The chief suggestion from the work is that power-capping (limiting the available power to the GPU that’s training the model) offers worthwhile energy-saving benefits, particularly for Masked Language Modeling (MLM), and frameworks such as BERT and its derivatives.
For larger-scale models, which have captured attention in recent years due to hyperscale datasets and new models with billions or trillions of parameters, similar savings can be obtained as a trade-off between training time and energy usage.
For these higher-scale deployments, the researchers found that a 150W bound on power utilization obtained an average 13.7% lowering in energy usage compared to the default 250W maximum, as well as a relatively small 6.8% increase in training time.

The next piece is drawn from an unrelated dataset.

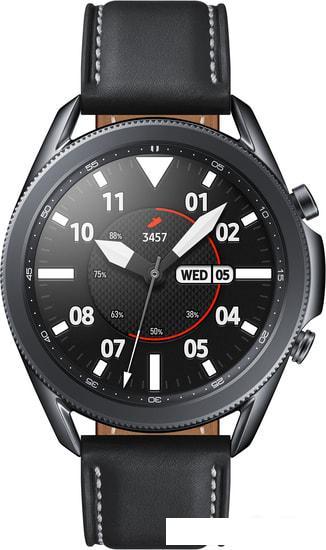 Умные часы Samsung Galaxy Watch3 45мм (черный) - фото 3 - id-p224966140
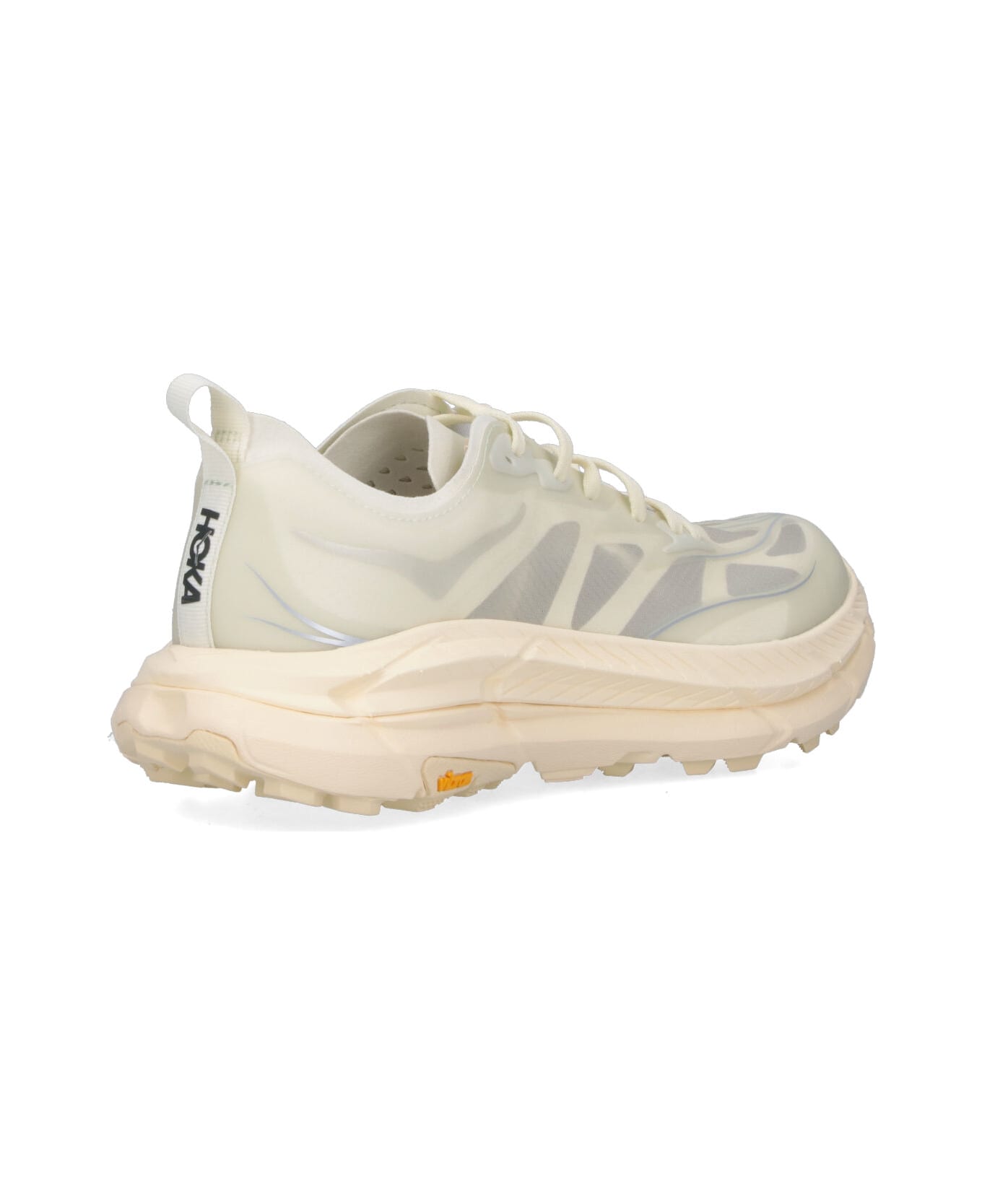 Hoka 'mafate Speed 4 Lite' Sneakers - Cream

Additionally, the researchers note that, despite the headlines that the cost of model training has garnered over the last few years, the energy costs of actually using the trained models are far higher*.
‘For language modeling with BERT, energy gains through power-capping are noticeably greater when performing inference than for training. If this is consistent for other AI applications, this could have significant ramifications in terms of energy consumption for large-scale or cloud computing platforms serving inference applications for research and industry.’
Further, and perhaps most controversially, the paper suggests that major training of machine learning models be relegated to the colder months of the year, and to night-time, to save on cooling costs.
The authors state:
‘Evidently, heavy NLP workloads are typically much less efficient in the summer than those executed during winter. Given the large seasonal variation, if there, are computationally expensive experiments that can be timed to cooler months this timing can significantly reduce the carbon footprint.’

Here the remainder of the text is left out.